Rafiuddin Ahmed (24 December 1890 – 9 February 1965) was an Indian dentist, educator and later minister in the West Bengal cabinet, who founded the first dental college of India,'The Calcutta Dental College', later named Dr. R. Ahmed Dental College and Hospital, where he remained its principal until 1950. He established the Indian Dental Journal in 1925, and played a key role in founding the Bengal Dentist Act in 1939. In 1946, he established The Bengal Dental Association which was then renamed as the Indian Dental Association. The Government of India awarded him the Padma Bhushan in 1964. Remembered as the father of modern dentistry in India, in 2016, the Indian Dental Association declared 24 December as National Dentist's Day in his honour.

Rafiuddin Ahmed was born on 24 December 1890, in Bardhanpara, East Bengal, British India; the second child of the deputy collector Maulvi Safiuddin Ahmed and his wife Faizunnesha. He had four brothers and one sister, and completed his early education at the Dhaka Madrasa, later Collegiate School. In 1908, he graduated from Aligarh Muslim University.

In 1909, after his father's death, Ahmed travelled at first to Bombay (now Mumbai), then the UK, and subsequently the United States, where he gained admission to the University of Iowa College of Dentistry.

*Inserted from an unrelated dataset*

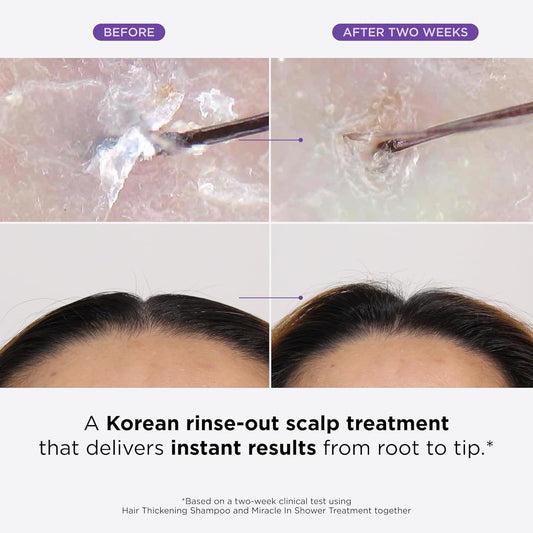 Dr. Groot Miracle In Shower Treatment For Hair Loss, Korean Hair Care, 5 Seconds To Smooth Hair, Rosemary Oil For Healthier-Looking Hair, Hair Rinse, Moisturizing Treatment,Scalp Revitalizing Solution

In 1915, he received his dental (D.D.S) degree. Until 1918, during the First World War, he practised at the Forsyth Dental Infirmary for Children in Boston, Massachusetts.

In 1919, at the end of the First World War, Ahmed returned to India.

In 1920, with funding from the New York Soda Fountain, he founded and served as the first principal the first dental college of India, Dr. R. Ahmed Dental College and Hospital, a European-style establishment where he remained its principal until 1950. For the first three years, it had 11 students, one of whom was Fatima Jinnah, a future founder of Pakistan.

In 1925, he established the Indian Dental Journal and served as its editor until 1946. By 1928, the college was established as an organised institution for the education of dental studies. In that year, he published the first student's handbook on Operative Dentistry.

In 1946, he established The Bengal Dental Association which was then renamed as the Indian Dental Association. He served three terms as the President of the Indian Dental Association. In 1949, the College joined the University of Calcutta. That same year, he bestowed his College to the West Bengal government and named it Calcutta Dental College.

In 1932, he was elected Councillor of the Calcutta Municipal Corporation, where he remained until 1936. That year, the College affiliated with the State Medical Facility. He had a significant role in founding the Bengal Dentist Act in 1939. Between 1942 and 1944, he became the corporation's Alderman.